In a recent post I suggested that considering IT organizations through the lens of Complex Adaptive Systems (CAS) presents a more useful perspective on IT organizational behavior than does the deterministic view that has dominated IT organizational design for the past 50 years or so. In today’s emerging Web 2.0 world (and beyond) we need to treat IT as an organic capability – one that evolves like a living system, rather than try to manage it through functional organization designs with their “lines and boxes”.
In the next few posts, I want to discuss the implications of considering the IT organization through the CAS and see what new organizational constructs might be more appropriate for a Web 2.0 world.
Taylor’s “Scientific Management” Was Blind to the Science of Complexity
Frederick Winslow Taylor’s contributions to management theory were appropriate to his time (1856-1915) – high productivity could be achieved by segregating mental work (planning, controlling) from physical work (manufacturing). People destined for the mental work would be suitably trained, and those for the physical work, suitably incented.
But in Taylor’s time, companies were relatively simple, and the scientific community had not yet developed the theoretical underpinnings of complex systems. Today, the science of complex adaptive systems is far more appropriate that was the mechanistic, deterministic science of Frederick Taylor’s time.
One useful notion from the science of complexity is the “fractal.” According to Wikipedia, a Fractal is:
A rough or fragmented geometric shape that can be split into parts, each of which is (at least approximately) a reduced-size copy of the whole, a property called self-similarity.

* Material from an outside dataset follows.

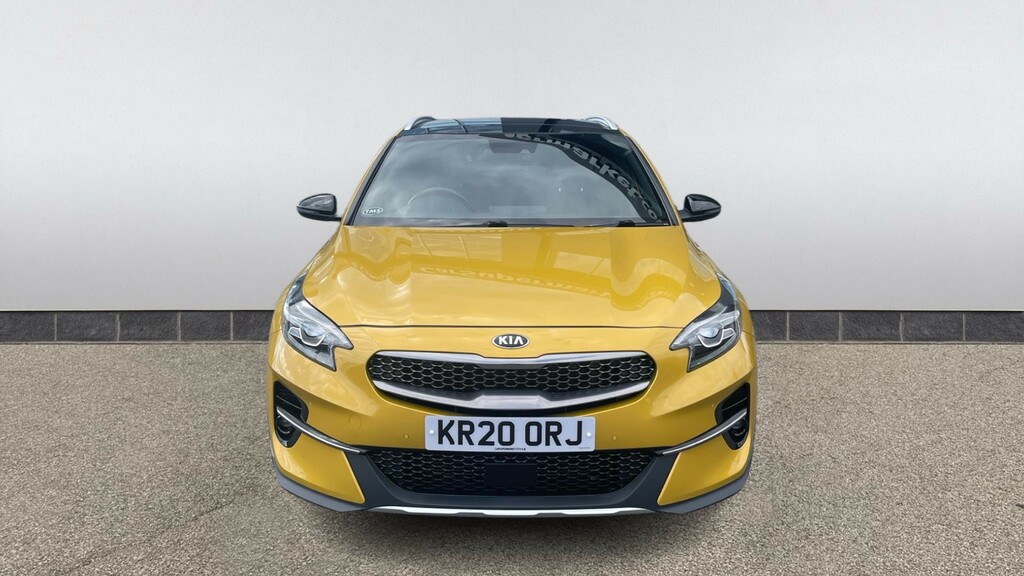 Kia Xceed 1.4T Gdi Isg First Edition KR20ORJ Yellow #2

A fractal exhibits self-similarity. The leaves on a tree are similar to each other, while none may be identical. The way the tree trunk leads to major branches, leading to smaller branches, and so on, is an example of self-similarity. We see the same patterns in rivers and streams, or in the bronchial tubes. In fact, the alveoli structures in the lungs are very similar to the structures of broccoli. Fractals have a simple and recursive definition that underlies their self similarity.
Fractals – the Lego Blocks of Organization Design
Fractal shapes can be very useful in organization design. Think of self-organizing teams. Give them a common purpose, let them arrive at a few simple “rules of engagement”, and get out of their way.
In organization design, fractals can be thought of as Lego pieces. Lego’s are easy to assemble and disassemble. They comprise a set of standard shapes, with standard connectors. This endows them with relatively predictable behaviors, including the ability to easily reconfigure shapes.
Useful examples of organizational fractals (I will explore each of these in upcoming posts) include:
- Self-organizing teams
- Centers of Expertise (or Centers of Competence)
- Project Management structures
- Program Management structures
- Service Management structures
- Product Management structures
- Relationship Management structures
Providing the “Genetic Code” for Fractal Structures to Collaborate
It is essential, if fractal organizational structures are going to collaborate towards common goals, that they share a “genetic code.” That is provided by:
- Shared goals
- Common vision
- Open communication across porous boundaries
With these attributes as an organizational context, fractal organizational structures can be an extremely effective way to create an “organization of IT capabilities” that adapts to its environment and self-corrects in response to external (or internal) forces.
I realize this might all be heady stuff, and I will elaborate further in future posts, and provide practical examples that bring these ideas down to earth and the day-to-day realities of Enterprise IT 2.o.